AH: Is there a story behind the company name EcoHabitude?

KD: I thought habitude was a cool word, sort of like habit and attitude. It’s really a frame of mind or a close association to something. I think the person who is shopping on my platform is someone who values quality over quantity.

They really care about what they’re putting on, what they’re eating, and how they’re living their lives. They take time to understand what’s in products. They live with a social conscience, and they are willing to spend a little more on quality brands.


Screen Shot 2016-02-09 at 4.17.03 PM


AH: EcoHabitude pioneered the product footprint. How does this tagging system shape the way consumers shop the marketplace?

KD: Consumers are able to shop based on their values. A vegan, for example, is able to search easily for cruelty free beauty products. Someone who wants locally made gourmet food items can easily discover local brands they may not find in Whole Foods, or someone who cares about brands that give back can easily purchase from companies that are making a social impact. We make it easy to discover cool brands that aren’t mainstream—they’re well curated and you can shop based on what’s most important to you.

AH: What was the most difficult part of launching a start-up?

KD: Raising capital was one of the more challenging parts, as well as putting together and hiring the right team that helped build the company. But ironically, those two things are also my biggest accomplishments.

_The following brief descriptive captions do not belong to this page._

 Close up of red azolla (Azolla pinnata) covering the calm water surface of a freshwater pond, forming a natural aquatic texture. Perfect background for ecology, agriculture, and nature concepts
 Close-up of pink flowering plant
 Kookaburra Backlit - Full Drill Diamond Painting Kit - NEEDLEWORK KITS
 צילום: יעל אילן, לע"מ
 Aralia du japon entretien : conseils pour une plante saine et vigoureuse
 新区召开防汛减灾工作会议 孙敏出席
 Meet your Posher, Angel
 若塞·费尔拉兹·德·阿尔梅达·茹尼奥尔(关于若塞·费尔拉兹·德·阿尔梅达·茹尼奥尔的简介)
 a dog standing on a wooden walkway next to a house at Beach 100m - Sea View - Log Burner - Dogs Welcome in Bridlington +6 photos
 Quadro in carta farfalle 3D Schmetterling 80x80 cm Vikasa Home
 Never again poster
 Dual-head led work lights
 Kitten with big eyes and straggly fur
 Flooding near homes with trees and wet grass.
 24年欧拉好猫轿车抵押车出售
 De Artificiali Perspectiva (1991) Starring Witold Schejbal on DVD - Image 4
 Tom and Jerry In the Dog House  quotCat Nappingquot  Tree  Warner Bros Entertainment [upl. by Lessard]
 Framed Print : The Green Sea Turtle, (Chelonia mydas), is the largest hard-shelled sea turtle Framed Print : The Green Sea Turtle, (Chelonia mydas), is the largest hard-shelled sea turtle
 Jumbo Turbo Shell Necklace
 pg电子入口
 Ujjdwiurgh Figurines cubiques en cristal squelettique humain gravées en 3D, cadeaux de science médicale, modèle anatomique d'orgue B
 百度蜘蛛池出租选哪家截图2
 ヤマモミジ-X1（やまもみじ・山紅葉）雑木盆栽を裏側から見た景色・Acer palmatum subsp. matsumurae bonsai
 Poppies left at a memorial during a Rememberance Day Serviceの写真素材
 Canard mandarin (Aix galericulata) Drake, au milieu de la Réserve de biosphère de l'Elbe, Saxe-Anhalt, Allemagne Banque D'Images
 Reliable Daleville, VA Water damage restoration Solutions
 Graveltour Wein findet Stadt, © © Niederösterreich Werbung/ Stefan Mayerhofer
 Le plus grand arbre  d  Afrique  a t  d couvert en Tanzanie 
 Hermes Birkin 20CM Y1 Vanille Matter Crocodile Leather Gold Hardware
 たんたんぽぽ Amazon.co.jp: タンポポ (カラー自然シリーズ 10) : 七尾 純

AH: What types of eco-friendly, socially conscious products are missing in the marketplace?  

KD: I think more fashion forward sustainable clothing brands are desperately needed. The fashion industry has been the slowest to the game, but I think in the next five years, we’re going to see more ethical brands popping up and following suit with Gucci and other big luxury houses who have begun producing more sustainable fashion collections.

AH: What are your favorite ethical and/or sustainable brands? 

KD: I love Reformation right now—they’ve been putting out some great pieces! I’m a huge beauty buff, so there’s so many natural beauty brands I’m loving. A few of my favorites are Buck Naked soaps, Au Natural Organics, Painted Earth Skincare and Cosmetics, and Blair Lauren Brown who makes some of my favorite jewelry pieces.

Photo courtesy of AM Media Group
Photo courtesy of AM Media Group

AH: What is your average workday like? 

KD: It changes day to day because we’re a startup — I have a small team of seven so we have to be flexible and be jacks-of-all-trades. Some days are busy and others are chill. Right now, I’m raising our next round of funding (Series A), so I’ve been traveling more frequently between the East and West Coast. I usually get into the office by eight a.m. and try to get as much of my emails and work done before the rest of the team gets in. Some days we have our brands, bloggers, and editors stop by, which is always fun.

AH: What can we expect from EcoHabitude in 2016?

KD: We’re really a bunch of tech junkies that love building stuff. So you can expect to see some cool new features for our shoppers and sellers. We’re also looking to tremendously increase the number of brands and products on the site this year. We currently open anywhere from 18-30 new stores a week. Also, expect some pop-up shops during the summer and holidays on both coasts.

AH: If you had to describe yourself with a song title or lyric, what would it be?

KD: I’m a big Fleetwood Mac fan because of my mother, so I’d pick “Gypsy.” The lyric’s go: “Lightning strikes, maybe once maybe twice. And it all comes down to you. Oh, oh well it all comes down to you.”

You have to make your own luck and seize opportunities when they arise. I’ve always been an advocate for that in my life, and have always felt a bit like a gypsy anyway.